Dataset creation: Any bibliometric analysis is based on a dataset of bibliometric entities that must be obtained. Typically, bibliometric databases are queried and the results are extracted. Thus, the query terms influence analysis results. These queries can be improved by helping users create them.
Data volumes: The more bibliometric entities to be analyzed, the larger the resulting similarity matrices. AMBALYTICS uses different technologies to be able to analyze even larger data sets quickly. Among other techniques, a distributed infrastructure is used.
Time delay: The data available in publication databases is a snapshot of academic knowledge that does not fully represent the current state of science, as it takes between 4-6 days and up to two years for research results to be published and listed in these databases. A combination of several bibliometric databases can achieve greater coverage and shorten the time to integration in searches. The evaluation of other data sources, such as social networks, can also shorten the time to integration.
Publish or perish: Because the number of publications and citations has some influence on the evaluation of authors and institutions, some co-authorships do not reflect actual collaboration. In addition, self-citations and citations in review publications may not be content-based. Here, for example, content-based methods or even the combination of different methods, as used also by AMBALYTICS, can calculate the actual influence more accurately.
Applications and Use Cases
Bibliometric analyses can be used for a whole range of use cases. For example, they are part of the methodology for evaluating research and influence the way university rankings are calculated or how individual institutes within research institutions are financially remunerated. Bibliometric indicators of productivity, impact, and collaboration among researchers, institutions, and countries, therefore, are used to evaluate research. Evaluation results can provide an unbiased, quantitative basis for decision-making, e.g., to justify decisions about funding for scientific projects.
Bibliometrics can also help discover the structure and dynamics of science itself, also known as science of science.
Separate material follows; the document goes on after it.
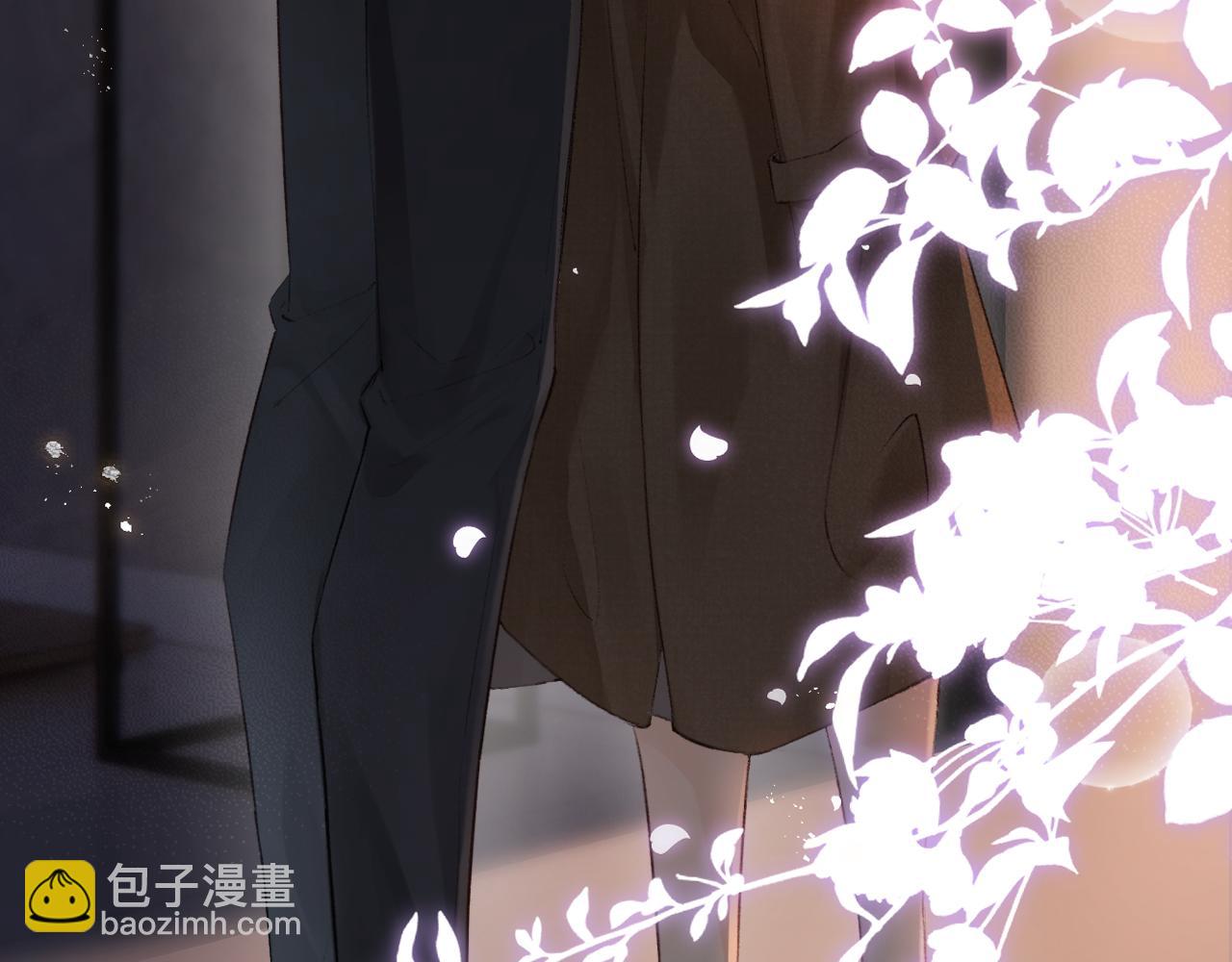 《顶流夫妇有点甜（彩蛋日更中）》第02话 协议作废？ 第18页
Bibliometric concepts can be used to identify future developments in research fields or for technology foresight as trends and forecasts.
Finally, automated procedures such as bibliometric analyses as well as integrated platforms like AMBALYTICS can facilitate and accelerate the everyday life of people working in science, for example through contextualized searches, configurable visualizations, or even auxiliary functions such as the automatic transmission of found references to other tools used in this workflow (e.g., reference management software like Mendeley or Zotero).